### [Exercise directions]
Let your answer be the line containing "14629 Crystal Lk" and every line below it to the end of the records, copied exactly.

### [Extracted records]
..............................

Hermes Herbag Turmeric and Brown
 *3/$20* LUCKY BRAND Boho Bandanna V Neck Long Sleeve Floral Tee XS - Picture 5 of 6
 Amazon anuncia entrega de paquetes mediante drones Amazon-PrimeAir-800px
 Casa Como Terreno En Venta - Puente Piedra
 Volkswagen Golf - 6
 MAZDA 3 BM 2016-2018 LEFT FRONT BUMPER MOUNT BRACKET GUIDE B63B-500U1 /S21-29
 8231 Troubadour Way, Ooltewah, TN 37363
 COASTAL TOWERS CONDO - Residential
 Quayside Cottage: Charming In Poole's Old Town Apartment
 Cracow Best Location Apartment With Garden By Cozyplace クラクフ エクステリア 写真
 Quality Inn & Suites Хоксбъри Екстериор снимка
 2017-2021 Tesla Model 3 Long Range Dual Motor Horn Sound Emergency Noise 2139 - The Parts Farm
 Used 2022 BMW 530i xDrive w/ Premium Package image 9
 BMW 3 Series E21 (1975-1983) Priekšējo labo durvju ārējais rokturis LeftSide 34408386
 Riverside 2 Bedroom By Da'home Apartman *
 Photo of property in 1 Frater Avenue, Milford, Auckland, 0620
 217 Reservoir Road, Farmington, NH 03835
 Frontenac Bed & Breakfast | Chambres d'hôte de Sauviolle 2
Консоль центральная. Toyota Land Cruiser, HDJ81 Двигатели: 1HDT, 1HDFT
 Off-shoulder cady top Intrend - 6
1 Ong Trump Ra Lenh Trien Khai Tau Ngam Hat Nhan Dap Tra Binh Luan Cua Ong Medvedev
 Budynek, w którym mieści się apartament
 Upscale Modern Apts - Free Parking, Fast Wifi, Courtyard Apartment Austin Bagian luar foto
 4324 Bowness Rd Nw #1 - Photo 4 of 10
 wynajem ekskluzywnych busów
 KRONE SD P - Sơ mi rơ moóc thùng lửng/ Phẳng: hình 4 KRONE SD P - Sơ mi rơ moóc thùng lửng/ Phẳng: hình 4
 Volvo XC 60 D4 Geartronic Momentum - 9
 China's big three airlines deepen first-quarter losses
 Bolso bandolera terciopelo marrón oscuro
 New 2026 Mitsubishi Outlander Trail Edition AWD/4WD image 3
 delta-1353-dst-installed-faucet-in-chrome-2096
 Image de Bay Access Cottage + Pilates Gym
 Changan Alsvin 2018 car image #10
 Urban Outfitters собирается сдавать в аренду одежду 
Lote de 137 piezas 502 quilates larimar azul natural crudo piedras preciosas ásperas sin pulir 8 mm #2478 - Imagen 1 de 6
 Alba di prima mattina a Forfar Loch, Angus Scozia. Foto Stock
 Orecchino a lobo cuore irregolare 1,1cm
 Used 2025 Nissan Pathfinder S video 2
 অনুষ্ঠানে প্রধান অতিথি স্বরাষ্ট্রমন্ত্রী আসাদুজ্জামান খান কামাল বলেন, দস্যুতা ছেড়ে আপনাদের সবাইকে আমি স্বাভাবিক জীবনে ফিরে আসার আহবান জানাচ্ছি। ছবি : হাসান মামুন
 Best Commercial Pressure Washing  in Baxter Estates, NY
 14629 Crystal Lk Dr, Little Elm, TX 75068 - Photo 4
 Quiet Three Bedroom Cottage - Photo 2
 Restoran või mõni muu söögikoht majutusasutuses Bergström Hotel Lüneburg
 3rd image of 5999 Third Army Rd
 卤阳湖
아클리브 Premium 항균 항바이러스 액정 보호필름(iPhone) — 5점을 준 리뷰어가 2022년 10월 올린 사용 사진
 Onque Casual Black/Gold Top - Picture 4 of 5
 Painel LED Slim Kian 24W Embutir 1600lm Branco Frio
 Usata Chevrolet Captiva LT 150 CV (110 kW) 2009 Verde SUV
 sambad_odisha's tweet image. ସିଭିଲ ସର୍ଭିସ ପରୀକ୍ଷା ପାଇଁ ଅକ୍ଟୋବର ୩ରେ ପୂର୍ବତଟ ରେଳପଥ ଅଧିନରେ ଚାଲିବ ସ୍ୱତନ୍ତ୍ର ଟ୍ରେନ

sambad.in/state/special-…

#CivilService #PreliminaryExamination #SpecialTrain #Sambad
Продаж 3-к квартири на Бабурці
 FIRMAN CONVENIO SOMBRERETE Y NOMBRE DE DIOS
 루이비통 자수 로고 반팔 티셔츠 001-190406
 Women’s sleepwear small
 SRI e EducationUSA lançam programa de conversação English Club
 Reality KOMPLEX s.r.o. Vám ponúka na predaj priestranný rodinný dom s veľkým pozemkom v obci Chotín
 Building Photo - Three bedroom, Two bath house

..............................

### [Exercise solution]
 14629 Crystal Lk Dr, Little Elm, TX 75068 - Photo 4
 Quiet Three Bedroom Cottage - Photo 2
 Restoran või mõni muu söögikoht majutusasutuses Bergström Hotel Lüneburg
 3rd image of 5999 Third Army Rd
 卤阳湖
아클리브 Premium 항균 항바이러스 액정 보호필름(iPhone) — 5점을 준 리뷰어가 2022년 10월 올린 사용 사진
 Onque Casual Black/Gold Top - Picture 4 of 5
 Painel LED Slim Kian 24W Embutir 1600lm Branco Frio
 Usata Chevrolet Captiva LT 150 CV (110 kW) 2009 Verde SUV
 sambad_odisha's tweet image. ସିଭିଲ ସର୍ଭିସ ପରୀକ୍ଷା ପାଇଁ ଅକ୍ଟୋବର ୩ରେ ପୂର୍ବତଟ ରେଳପଥ ଅଧିନରେ ଚାଲିବ ସ୍ୱତନ୍ତ୍ର ଟ୍ରେନ

sambad.in/state/special-…

#CivilService #PreliminaryExamination #SpecialTrain #Sambad
Продаж 3-к квартири на Бабурці
 FIRMAN CONVENIO SOMBRERETE Y NOMBRE DE DIOS
 루이비통 자수 로고 반팔 티셔츠 001-190406
 Women’s sleepwear small
 SRI e EducationUSA lançam programa de conversação English Club
 Reality KOMPLEX s.r.o. Vám ponúka na predaj priestranný rodinný dom s veľkým pozemkom v obci Chotín
 Building Photo - Three bedroom, Two bath house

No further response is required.